### PROBLEM REQUIREMENTS
Down to the last word, output the records below, skipping any images.

### Dataset records
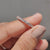 Full eternity wedding band showcasing a continuous row of diamonds.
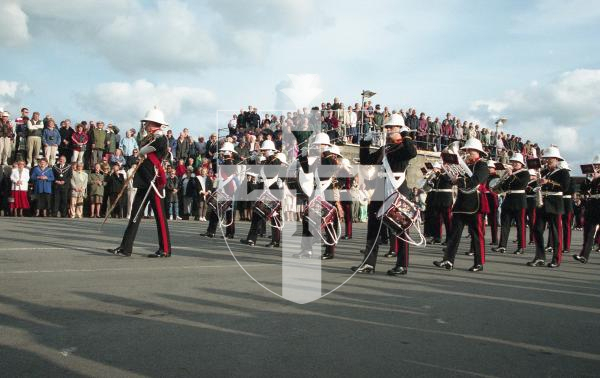 Picture by Guernsey Press.
Nostalgia Lookback feature.
5 Oct 1998. Neg number 2682/16/98.
Around 300 people lined the Albert Pier to watch and listen to the band of the Royal Marines, Plymouth, beat retreat. After half-an-hour of music and marching the salute was taken by Lt-Governor Sir John Coward.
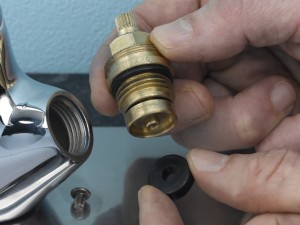 Replacing old rubber tap washer with new one to fix leak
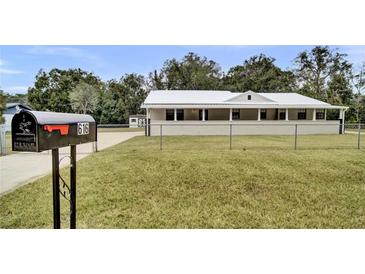 Inviting single-story home featuring a large, charming front porch and well-maintained lawn with a metal roof at 616 Se 31St Ter, Ocala, FL 34471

### REPLY
 Full eternity wedding band showcasing a continuous row of diamonds.
 Picture by Guernsey Press.
Nostalgia Lookback feature.
5 Oct 1998. Neg number 2682/16/98.
Around 300 people lined the Albert Pier to watch and listen to the band of the Royal Marines, Plymouth, beat retreat. After half-an-hour of music and marching the salute was taken by Lt-Governor Sir John Coward.
 Replacing old rubber tap washer with new one to fix leak
 Inviting single-story home featuring a large, charming front porch and well-maintained lawn with a metal roof at 616 Se 31St Ter, Ocala, FL 34471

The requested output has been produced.